- What to do
Give exactly the lines from the one that contains "Hey there everybody" through the end of the entries below, both included; the pictures stay out.

Available records START

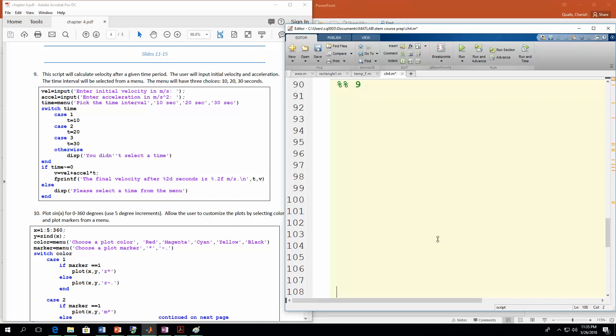Here we are at the last two examples for chapter 4. Remember we were covering the menu function. These examples are going to show you how to use the menu function with switch-case and then if-else.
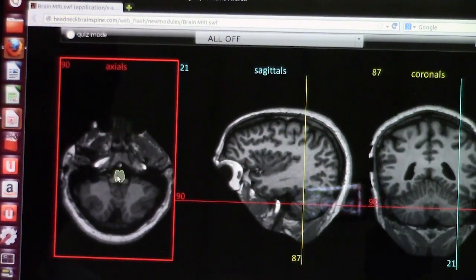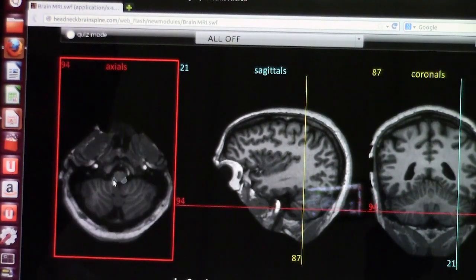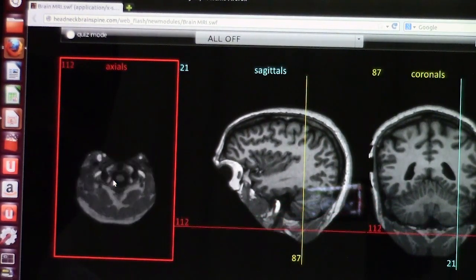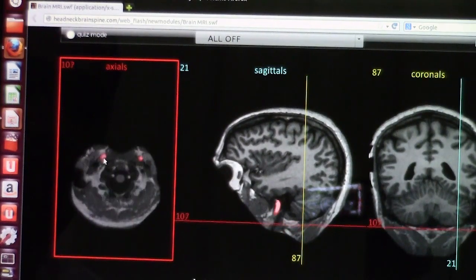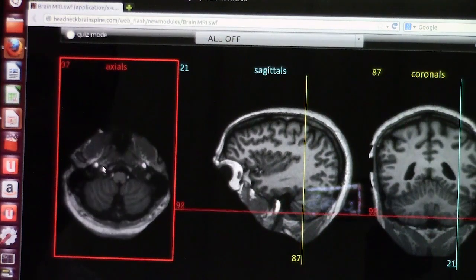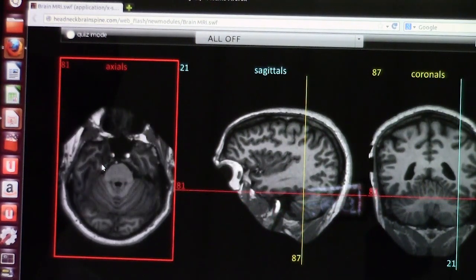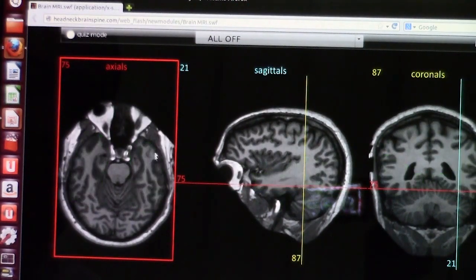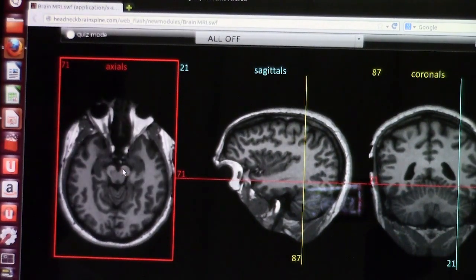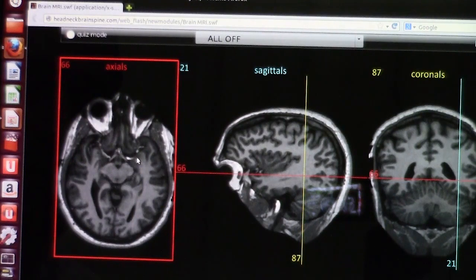As you go more down, you come to the medulla oblongata. This cut is made with contrast — you can see the internal carotid artery. The vessels are taking up contrast. Going up, you see the internal carotid artery in its cavernous segment, which gives the ophthalmic artery, then continues to the supraclinoid segment and becomes the middle cerebral artery. Here you can see the optic chiasm and the mammillary body nicely.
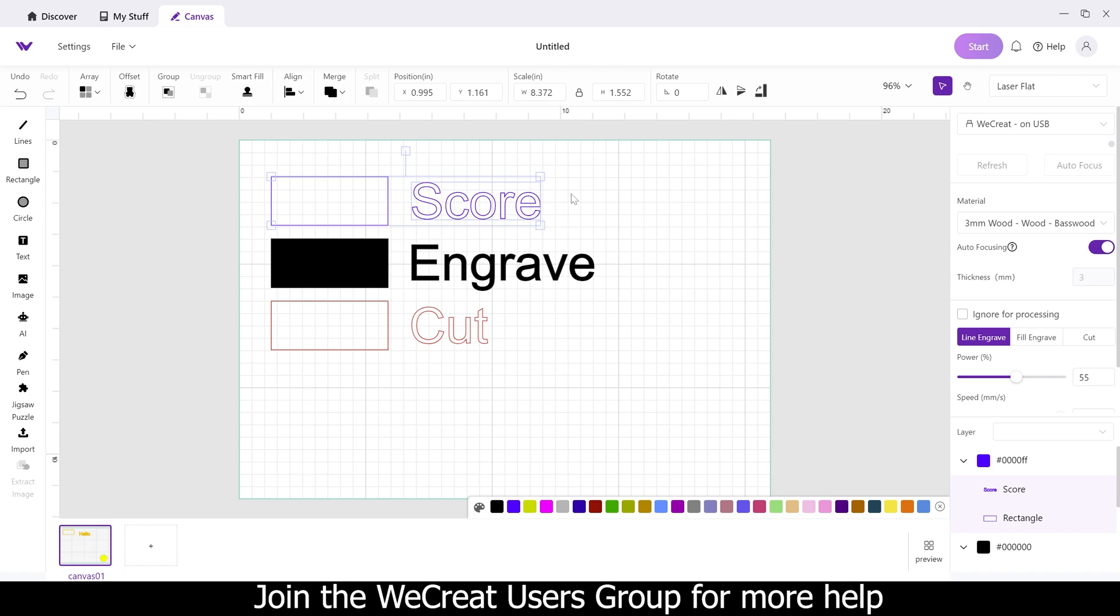I'm frequently getting questions about, I just bought a file online, and it says to score this area, or to score the blue lines, or whatever color lines it is in that file, and the new owners of WeCreate, they don't know how to find the score option, and this is it. This is a line engrave. I know this is pretty basic stuff, but this will help out some new members, so I wanted to create this for you.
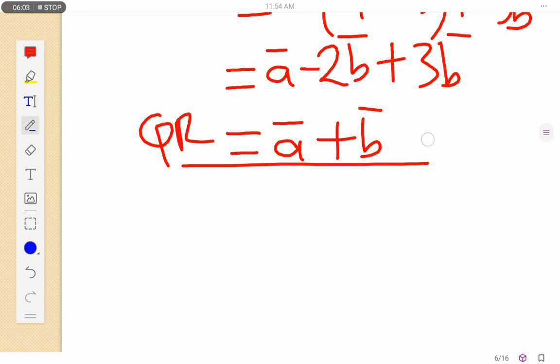Which is similar to what we got on the first route — a plus b. So any route that you take you get the same answer. Bye-bye guys, let's meet in Vectors 8. Please share our videos and subscribe to my channel. Thank you, bye-bye.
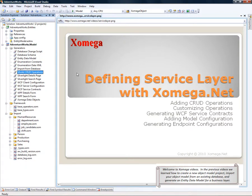Welcome to Xomega videos. In the previous videos, we learned how to create a new object model project, import your object model from an existing database, and generate an entity data model for a business layer.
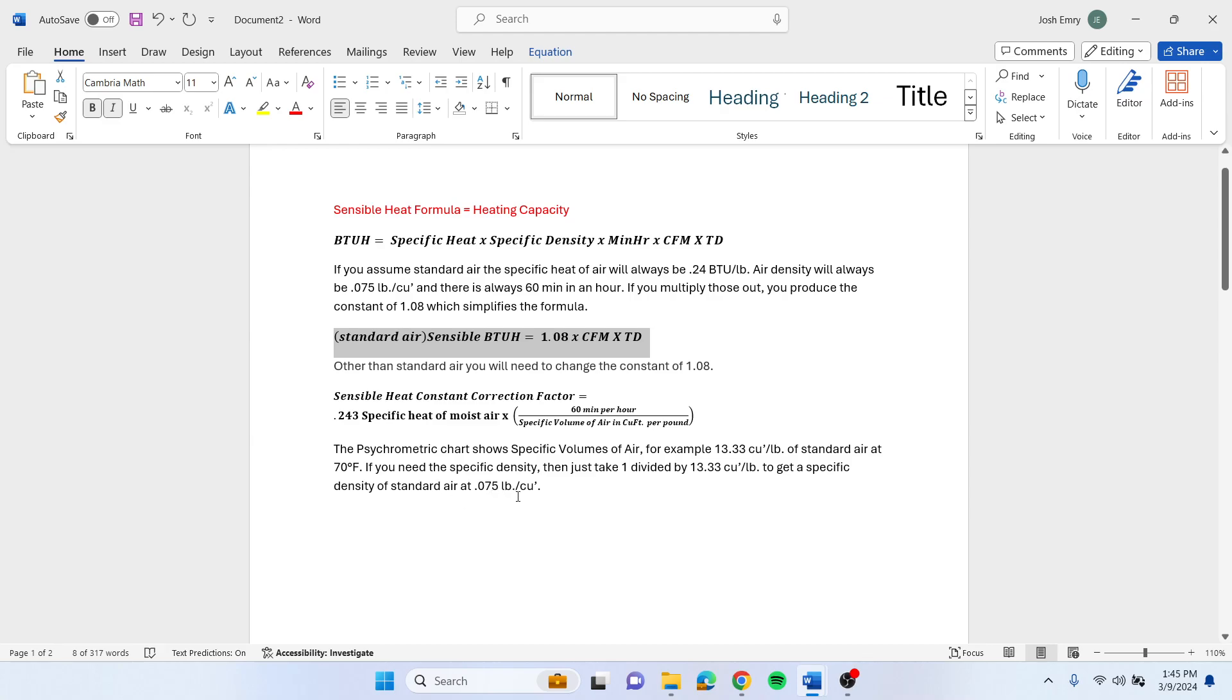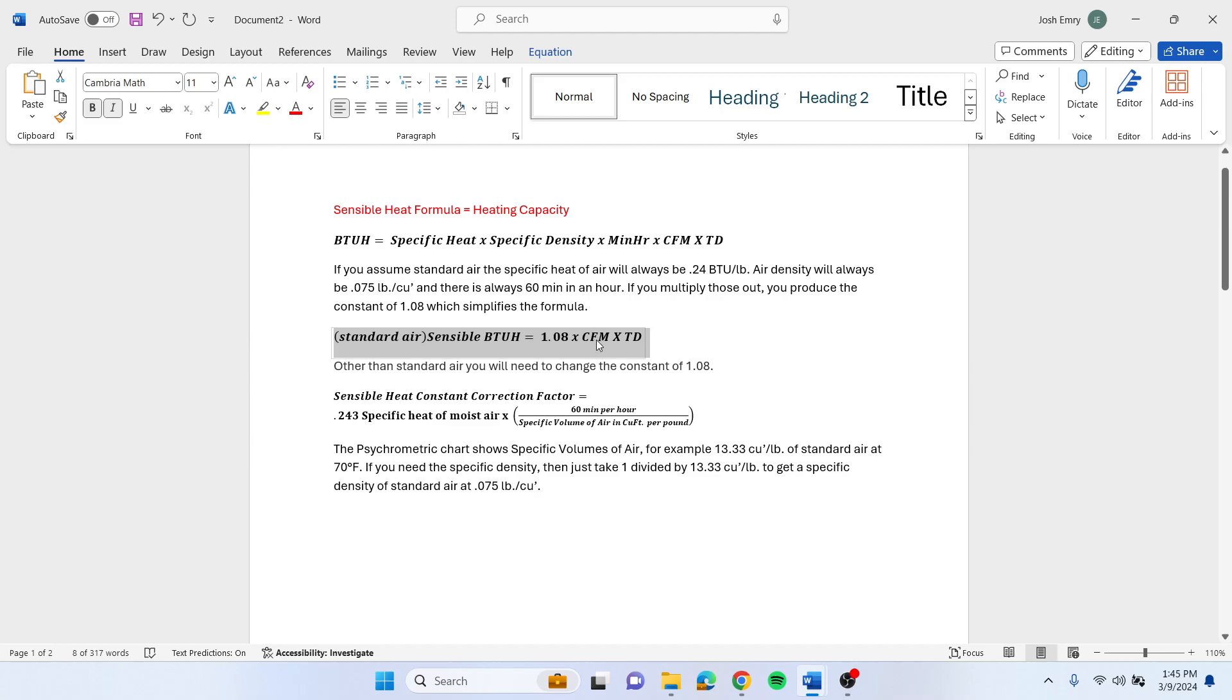That's how you can change it. Then you just take your 1.08, or if you have a correction factor, then you take that, your new correction factor, times your CFM that you've read, times your temperature difference, and that will tell you what your actual BTUs are of that unit or coil.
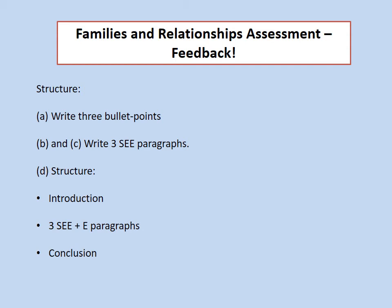Hi Year 10, this is Mr Azapardi with another video. This one's a video on the assessment that we did before Christmas, giving feedback on that assessment. You should have received scanned copies or photographs of your assessment papers with my marks on them. This video is really to show you where you picked up the marks and where people dropped marks.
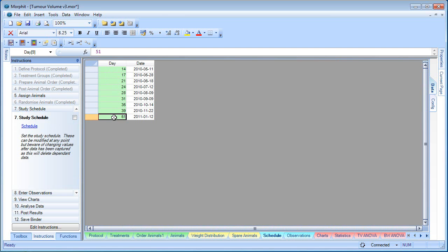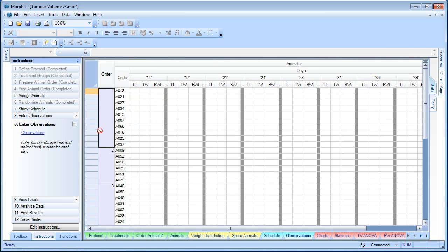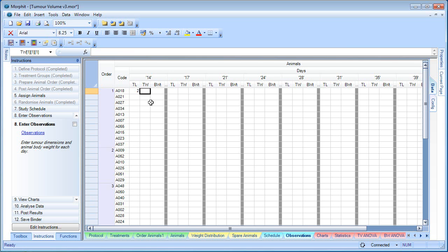This can be done at any point during the experiment. So we may have just started off with day 14, and every time we make an observation, simply add the date. This binder has been designed for manual data input. So the scientists will measure the tumour and enter the body weight. That's for every animal and every observation day.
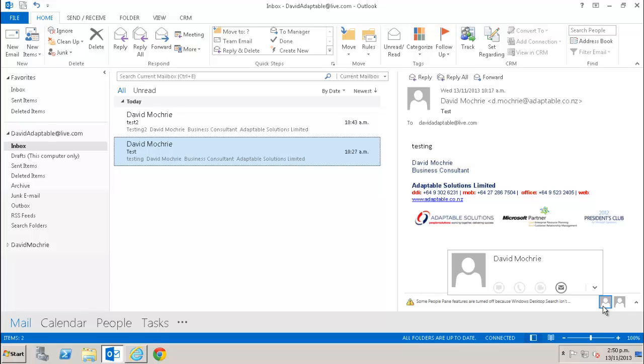To set an email as regarding a particular record, simply click the set regarding button on the Outlook ribbon and select the record you want to associate the email with. You can do this for an untracked item, in which case it will track it automatically, or an item which is already tracked. Let's do that now.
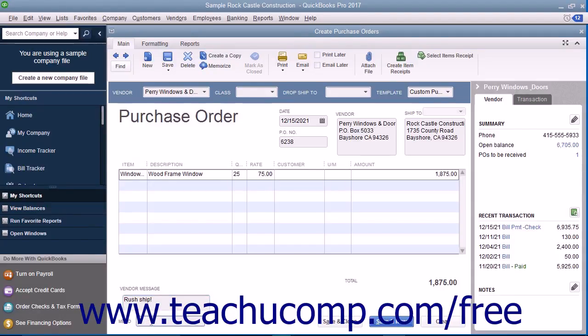After you have completed the purchase order, you can click the Save and Close button to save the purchase order and close the window, or click the Save and New button to save the purchase order and open another new purchase order form.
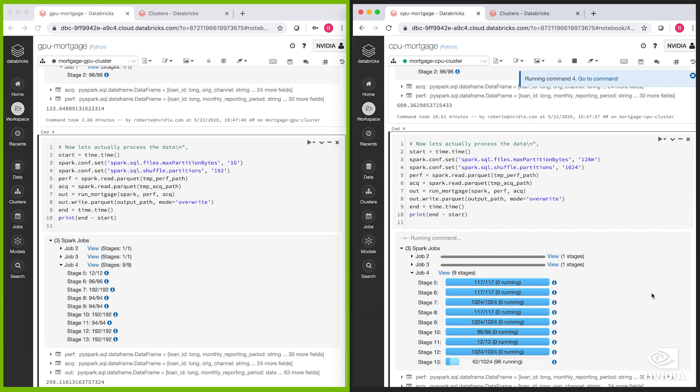Shortly after we recorded this demo, Databricks began supporting the NVIDIA T4 GPU, which is price and performance optimized for SQL processing. With T4, we've been able to provide nearly four times speedup over CPU at a cost reduction of 50%.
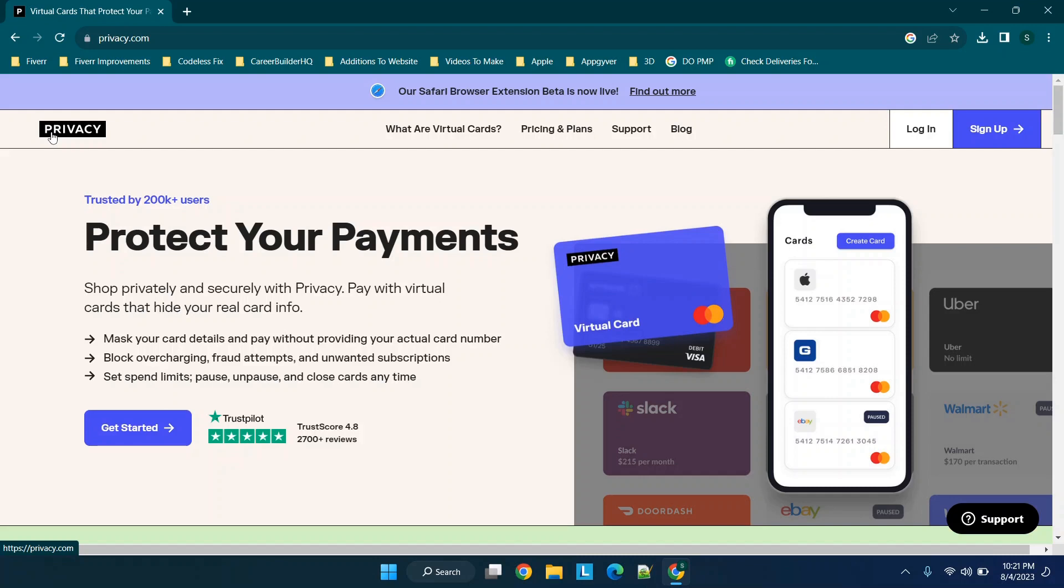Hey there everybody and welcome back. For those interested in learning how to create virtual cards that link to your actual credit card to keep your information safe, stay tuned. I'm going to walk through privacy.com very quickly in today's video.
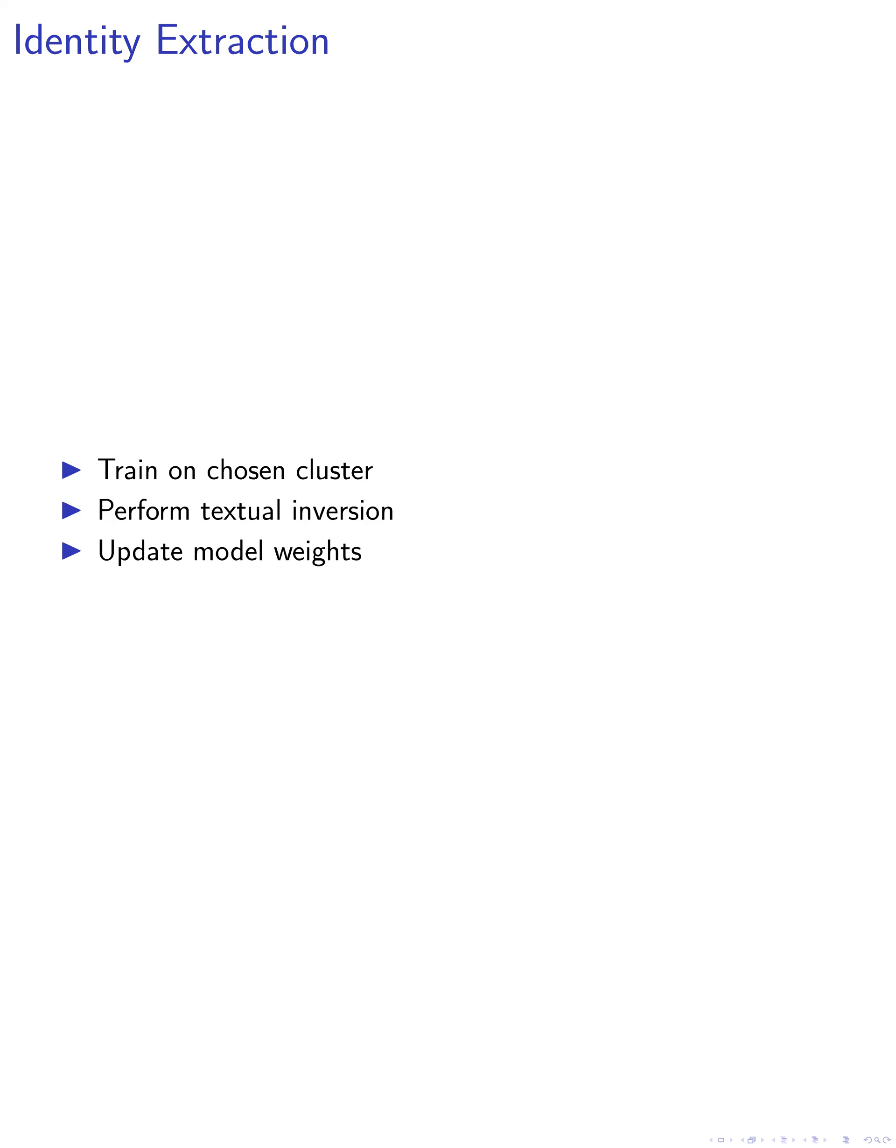We update the model weights via low-rank adaptation, LoRA, of the self and cross-attention layers of the model. The standard denoising loss is used for optimization.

Available records END

- Answer section
Hey there everybody and welcome back. For those interested in learning how to create virtual cards that link to your actual credit card to keep your information safe, stay tuned. I'm going to walk through privacy.com very quickly in today's video.
We update the model weights via low-rank adaptation, LoRA, of the self and cross-attention layers of the model. The standard denoising loss is used for optimization.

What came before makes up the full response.